* [TASK TO COMPLETE]: Which lines below contain "Outdoor"? Copy every one of them.

* [AVAILABLE DATA]:
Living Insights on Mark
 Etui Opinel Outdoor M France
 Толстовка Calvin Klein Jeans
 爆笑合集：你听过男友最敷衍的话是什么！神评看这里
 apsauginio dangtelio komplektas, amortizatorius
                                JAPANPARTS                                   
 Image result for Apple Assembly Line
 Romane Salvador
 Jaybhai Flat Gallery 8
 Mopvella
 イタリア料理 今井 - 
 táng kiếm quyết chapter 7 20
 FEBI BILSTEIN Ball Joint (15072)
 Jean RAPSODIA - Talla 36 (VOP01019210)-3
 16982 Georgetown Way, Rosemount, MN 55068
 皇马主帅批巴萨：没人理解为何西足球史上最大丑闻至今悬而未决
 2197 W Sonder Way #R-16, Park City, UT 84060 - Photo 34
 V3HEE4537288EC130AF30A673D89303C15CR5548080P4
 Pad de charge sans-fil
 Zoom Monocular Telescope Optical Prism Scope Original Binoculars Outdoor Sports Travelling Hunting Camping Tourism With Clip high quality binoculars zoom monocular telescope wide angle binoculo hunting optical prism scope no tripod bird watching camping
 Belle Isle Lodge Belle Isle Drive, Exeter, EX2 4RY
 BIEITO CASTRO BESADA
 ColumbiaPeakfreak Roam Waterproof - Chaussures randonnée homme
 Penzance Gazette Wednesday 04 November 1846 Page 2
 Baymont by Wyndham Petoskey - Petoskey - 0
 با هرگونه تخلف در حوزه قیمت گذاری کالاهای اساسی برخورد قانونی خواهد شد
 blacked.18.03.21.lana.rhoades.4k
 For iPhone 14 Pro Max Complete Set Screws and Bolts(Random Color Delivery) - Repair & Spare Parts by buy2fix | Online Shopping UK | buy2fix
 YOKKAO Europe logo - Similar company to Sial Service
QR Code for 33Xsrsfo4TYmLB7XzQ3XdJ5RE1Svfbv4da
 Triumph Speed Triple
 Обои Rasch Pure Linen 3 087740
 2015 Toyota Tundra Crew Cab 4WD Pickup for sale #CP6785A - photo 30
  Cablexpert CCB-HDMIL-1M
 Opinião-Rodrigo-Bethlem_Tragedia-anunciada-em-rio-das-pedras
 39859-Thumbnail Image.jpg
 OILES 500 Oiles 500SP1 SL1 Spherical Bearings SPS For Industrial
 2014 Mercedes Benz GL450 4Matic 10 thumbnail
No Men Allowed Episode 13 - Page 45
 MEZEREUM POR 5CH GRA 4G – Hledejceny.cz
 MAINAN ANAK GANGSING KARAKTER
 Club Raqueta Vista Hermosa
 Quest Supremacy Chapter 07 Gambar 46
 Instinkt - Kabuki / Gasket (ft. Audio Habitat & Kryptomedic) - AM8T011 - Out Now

* [OUTPUT OF THE TASK]:
 Etui Opinel Outdoor M France
 Zoom Monocular Telescope Optical Prism Scope Original Binoculars Outdoor Sports Travelling Hunting Camping Tourism With Clip high quality binoculars zoom monocular telescope wide angle binoculo hunting optical prism scope no tripod bird watching camping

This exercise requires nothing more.